Subjects were instructed that they were to perform in a task that was interspersed with trials previously recorded from another person performing in the same task. In reality, they observed computer generated behavior. The subjects were shown a picture and were given a name of the fictional other subject. Names of fictional subjects were matched in length to the names of the subjects participating in the experiment. Note that subjects were explicitly informed about the non-competitive nature of the experiment. Moreover, subjects were instructed not to respond during the other’s trials, unless the other made an error. The latter trials served as catch trials. Before the experiment started the subjects were also photographed to increase the plausibility that their own data would be used as an ‘other’ for a future subject. Subjects had already performed this task for 40 min previously, and subjects were allowed to practice the task for 10 min before the experiment began.
Debriefing and questionnaire
After performing the experimental session, subjects filled out a visual analog scale questionnaire. The questions were set up to probe the subjects’ representation of the other player, without directly asking their belief in the manipulation. Once the subjects had filled out this questionnaire, they were informed about the deception, and asked directly whether they had believed it. Their answer to this final question was rated on a 5-point scale, which was included in the overall measure of the strength of the subjects’ representation of the other, ranging from 0 to 1.
Subjects performed a social version of the Simon task (Simon and Wolf, 1963 ) with four blocks of 320 trials each. Throughout the experiment, two buttons were visualized in the lower left and lower right of the screen, a visual angle of 5.6° apart (see Figure 1 ). A white central fixation cross was presented on a black background for 1000 ms, followed by a 500 ms cue (the subject’s name or the other), indicating who was to perform the upcoming trial. This cue was followed by a fixation cross for 800 ms, and then the target appeared, lasting for 1000 ms. Targets were filled circles of one of four colors (red and green for a right response, blue and yellow for a left response). Targets appeared to the left or right of fixation, above either the left or the right button. The distance between the fixation cross and the target covered a visual angle of 2.8°. Responses were either generated by the computer, or made by the subject using response buttons, depending on the trial type (self or other). The selected response was visualized by pressing and depressing the corresponding button on the screen. After a delay of 400 ms, a new trial began.
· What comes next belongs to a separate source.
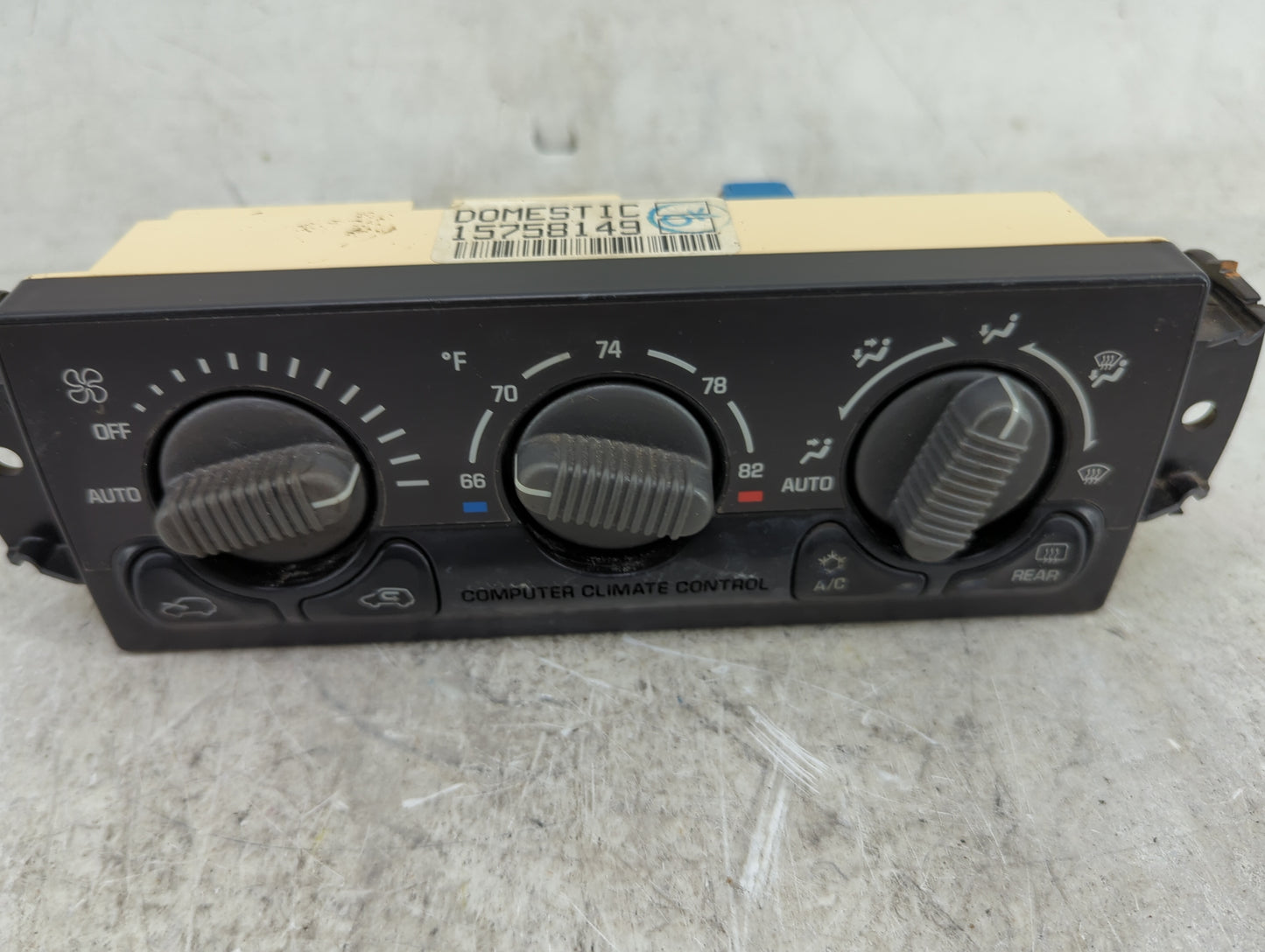2000-2002 Chevrolet Tahoe Climate Control Module Temperature AC/Heater Replacement P/N:15758149 Fits Fits 1999 2000 2001 200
Figure 1. Social Simon task. Schematical drawing of the social Simon task. Each trial started with the presentation of a name cue. In the self condition, participants saw their own name presented on the middle of the screen. In the other condition, participants received a name of someone else. This name signaled that participants had to observe the behavior of this person and were not required to press a response button when the Simon stimuli were presented. In both the self and the other condition, participants viewed two response panels that were presented below the colored Simon stimuli. According to the response button that was pressed by the participants themselves, the spatially-compatible visually presented response panel was highlighted. In the other condition, one of the visually presented response panels was also highlighted indicating the other persons’ response. Four different colored circles were used that were presented either on the right or left side of the central fixation cross, respectively. Green and red circles were mapped to a left response button press whereas yellow and blue circles were mapped to a right response button press. There were either congruent, i.e. color and spatial location overlap, or incongruent conditions, i.e. color or spatial location do not overlap. No stimulus repetitions were allowed. Cue-trial and inter-trial intervals are not depicted for sake of clarity.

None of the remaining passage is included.